Recently, my friends and I recorded an album about the the struggle that we call life. We wanted a record that would speak to the polarity of our existence, the darkness and the light, the despair and the hope along the way. These vices of ours, we wanted to make 'em sing. We wanted to make a musical world that was held in tension by the poles of darkness and light. Maybe my songs have always come from the tension, the things that terrify me, the things that stretch me thin and keep me up at night. As much as I want to run away from these things, I can't. The strings of our hearts were not made for safety. No, these strings are made to dance. I cannot to hold the temporal too closely for the final freedom I long for was never hers to give. Safety cannot be found in the transients. I struggle to look beyond all of this. The transcendent alone can give meaning to the tension, purpose to the release. So I give up hoping for safety. I've given up hoping in the overstuffed pockets of the powerful and well fed. I've given up hope that I could ever buy what I truly need. Indeed if the world knows no justice, we're better off staying maladjusted.

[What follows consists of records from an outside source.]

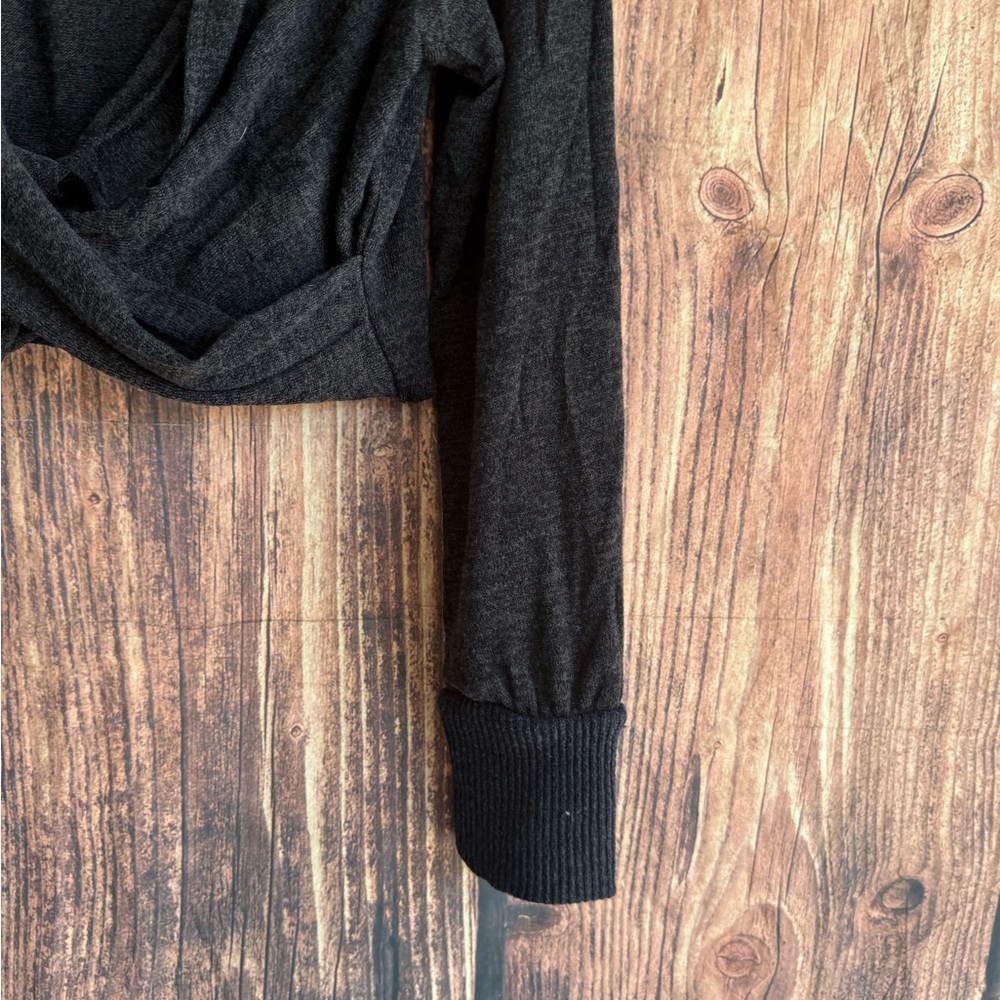 Anthropologie Twist Front Crop V-Neck Knit Sweater - Dark Grey - Picture 8 of 8
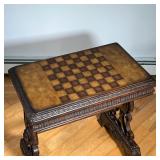 FANCY GAMES TABLE  |  Ornately carved wooden games table with chessboard top - l. 28 x w. 18.5 x h. 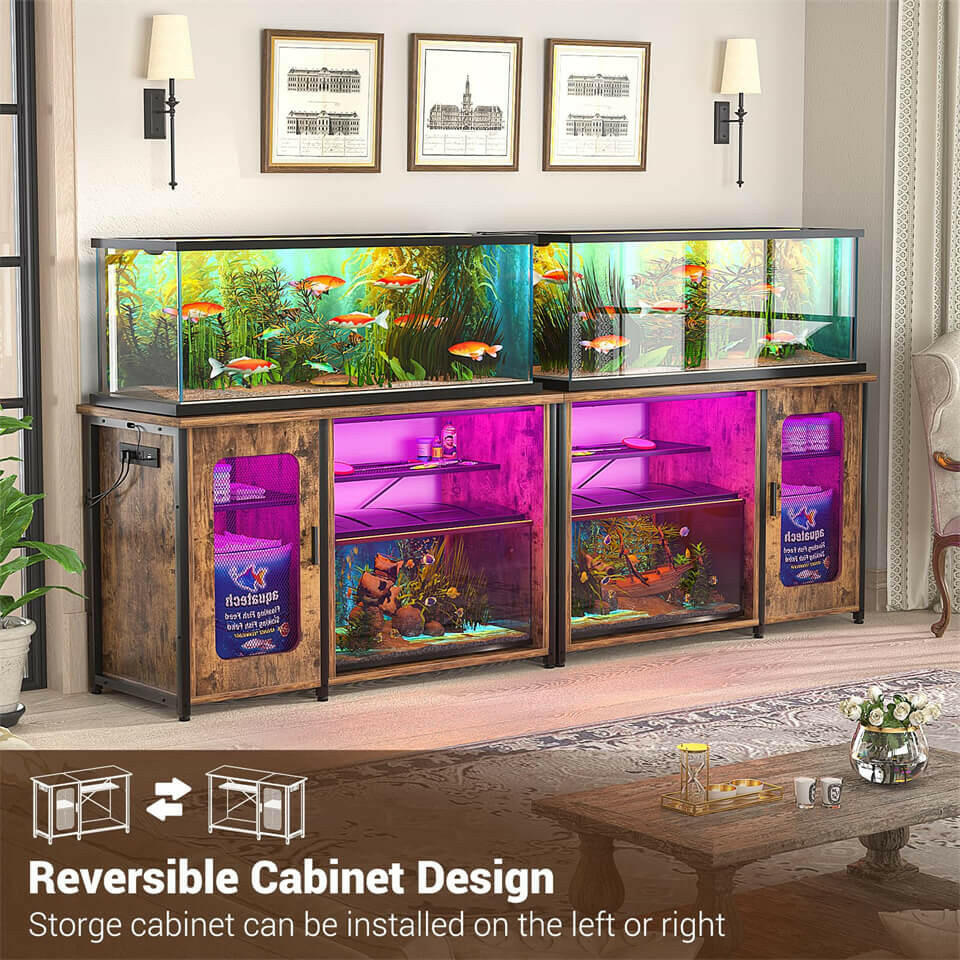 Unikito 55-75 Gallon Aquarium Stand with Power Outlets & LED Light, Reversible Fish Tank Stand with Cabinet for Fish Tank Accessories Storage, Heavy Duty Metal Frame, 880LBS Capacity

Stretched thin.

And indeed, I'm still optimistic; still looking for the final release. That final chorus which will conquer pain once for all. I want more than simple cash can buy. I'm looking for "that majesty which philosophers call the First Cause." The eternal Redemption who taught us how to die. I look for him among ashes of American flags. The dust of Babylon, the remains of all of our the broken promises. I look for him in the ashes of our fathers. I see his face in passing glances on the streets- in the eyes of a single mom, trying to make ends meet; in a faded photograph; in the hands of a homeless woman talking to herself. Yes, I'm still idealistic enough to believe that everyone matters. That the kingdom of the heavens might be at hand, knocking, beckoning me to pursue. I run like the oceans, longing for the shore. I'm still looking for a place where open arms still welcome the huddled masses yearning to breathe free. Bigger than rock and roll. Bigger than America. Bigger than the darkness. I want to sings songs for the disenfranchised, for the ones on the edge. Stretched thin. Somewhere below me, Lady Wisdom still crying out in the streets. "To them's that's got ears let them hear." I look for her among the ruins of postmodern despair, where the last shall be first, and he who is not busy being born is busy dying.

Below me the entire human race is marching reluctantly from the past to the infinite. Meanwhile, 20A and I are flying high above all of this in the bright blue morning sky, each of us on our own respective journeys towards the unknown. And on this journey I'm not afraid of the truck-stop cuisine or the airline peanuts. No, the journey is where the music is found. So I sing. I read. I listen. The truck stops and the coffee shops, the cell phones and internet cafes. The rhythm of the southbound train. My life is my song: lyric, melody, line and verse. And this song of mine is still singing. These are not the songs of despair. My red eyes are still full of wonder, still hopeful, still singing among the catacombs. Yes, I love what I do. These humble hymns are my anthems. When I sing them I feel hope. I feel joy. I feel the warmth of eternal, transcendent truth. And my neighbor in 20A is right: the journey can be hard. We lose loved ones along the way. I get so depressed from time to time. I miss my wife. And I surely can't do this forever. Certainly, there will be a time to slow down. A time to stop motion altogether. But for now, for now I'm gonna sing. I'm gonna string up my guitar and let those strings dance, stretched thin. It's true, one day the strings will snap. But for now string 'em up, let 'em ring. I still can hear the sound of my heart beating out. So let's go boys, play it loud.